With entries numbering in the thousands as the fad reached its peak, prize money almost made the derby a business enterprise.

Beginning with the $114 warded to the 1924 winner, the first place money eventually rose to a high of $7,100 in 1930-quite a sum for any race during those depression days. First-place winners during those eight years collected a total of $29,722, with an equal amount given to the other places.

Preliminary races were held to narrow the long list of entries down to 40 or 50 for the finals. The finalists were then placed in a circular pen which could be raised off the ground from the top. The turtles left the confines of the pen and crawled to a circular finish located 75 feet from the pen.

All Terrapins Numbered

The turtles were identified by numbers painted on their backs by numerous judges who watched close to the finish line to spot the winners and places. These same numbers were clearly visible on the turtles crawling in the area years later.

Official starter each year was the late Fred Olmstead, whose wife Emma still resides at 101 N. Seventh, Ponca City.

Many people caught their own terrapins for the race, but others borrowed turtles from the ranch. A large "herd" of turtles was kept in a huge pen at the ranch and fed watermelons.

Just like horse races, the terrapin derby had racing forms and listed the colorful names of the turtles, their number and the name of their owners.

With only 114entries in the first race in 1924, the first place winner "Shingles" owned by the late Harry Cragin, former mayor of Ponca City, received only $114.

Winners Used Money Well

Additional advertising and interest increased entries considerably the next year and the winner "Pepper" and its owner Roy E. Stephenson Jr., eight year old Ponca Citian received $1,679. After using part of it to purchase a saddle pony, the remainder was put on deposit for education in later years. Barton Carter Jr., Pawhuska boy whose entry placed second also used his share of the money for educational purposes.

Other winners through the years also put their money to good use. In 1926, Ed Briggs, Fairfax clerk used his $2,378 winnings to pay off debts. The second place winner Tom Johnson, Wichita oil man, countersigned his check for $594 to Lew Wentz to be used in crippled children work.

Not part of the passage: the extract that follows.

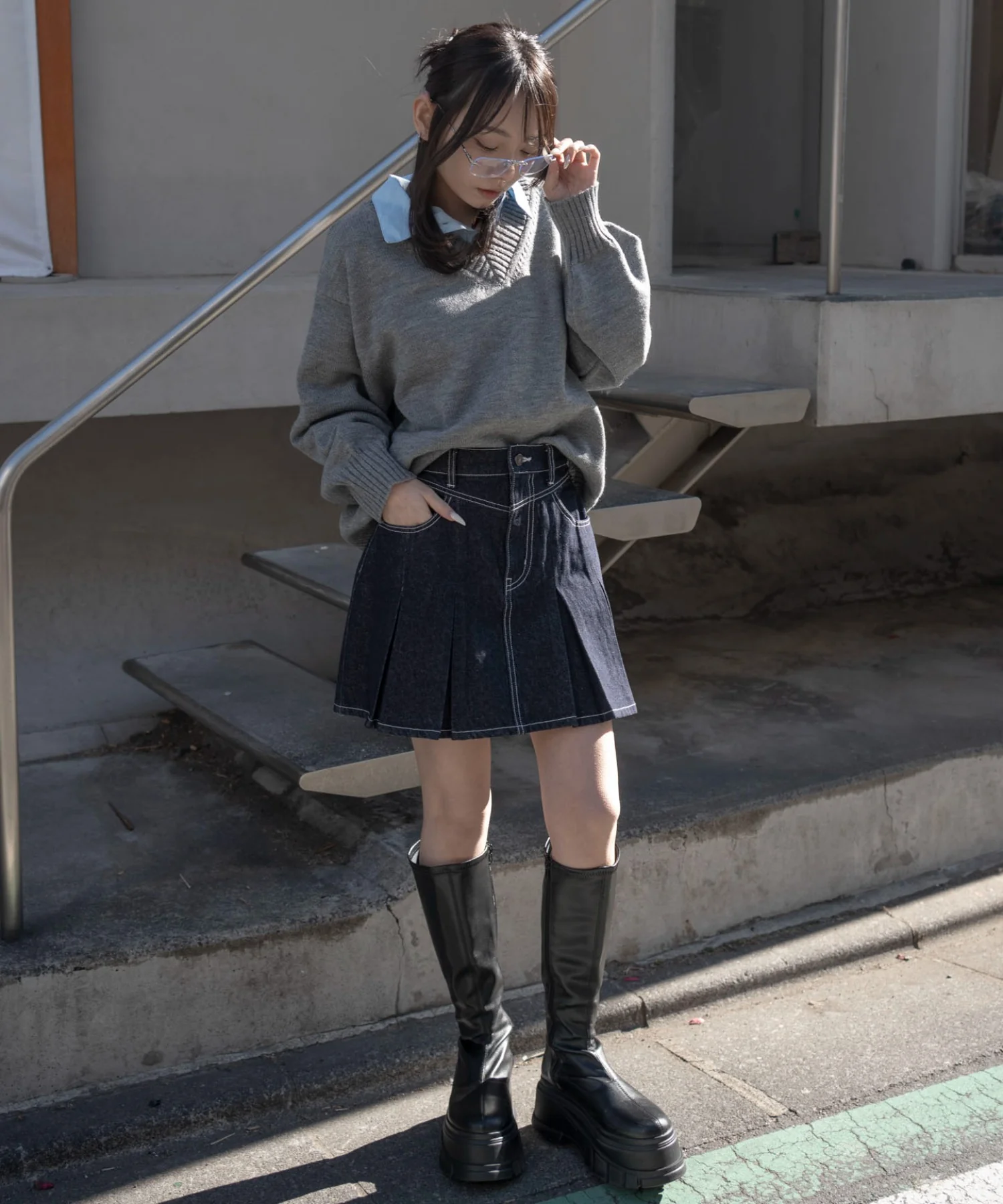 デニムプリーツミニスカート - Image 7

Mayor Dale Beaver, Fairfax drug store clerk, bought a drug store with the $3,780 he was awarded in 1927. The second place winner of $750 was Bobby Barger, a crippled lad of Fairfax. The money was used in efforts to make the boy walk.

Paid Off Mortgage, Wed

M.W. (Bill) Caffey, gatekeeper of the Marland Oil Refining Company, was the owner of "Sunday" who placed first in 1928. He used the $4,500 prize money to pay off a mortgage on his home and to get married.

A postmaster and a banker won in 1929 with "Bobby Jones" which they owned jointly. They split the $6,500 purse and each was able to use the money "beneficially" they said. Second place went to Cecil Henline, a young Bluff City, Kansas farmer who used the $1,250 for making farm improvements. In 1930 the winner "Goober Dust" raced home to bring Mrs. Clara M. Day, Ponca City community farm woman, $7,100. She said the diminutive terrapin was named inaccurately-the name should have been "Gold Dust". She paid the mortgage on her farm, bought a new automobile and had money left in the bank. Second place went to "Farm Relief", a terrapin owned by another Bluff City, Kansas farmer, F.V. Huddleston, who declared the crawler's name was very appropriate. T.F. Boettcher of Hollis won the last race in 1931 which was hurt considerably by the depression. Nevertheless, he collected $3,501. second place and $800 went to Frank Gillock of Pawnee.

The Post Office Department ruled that the derby constituted a lottery and banned advertising of the event through the mail. That action, and hard times of the depression years, put an end to the races.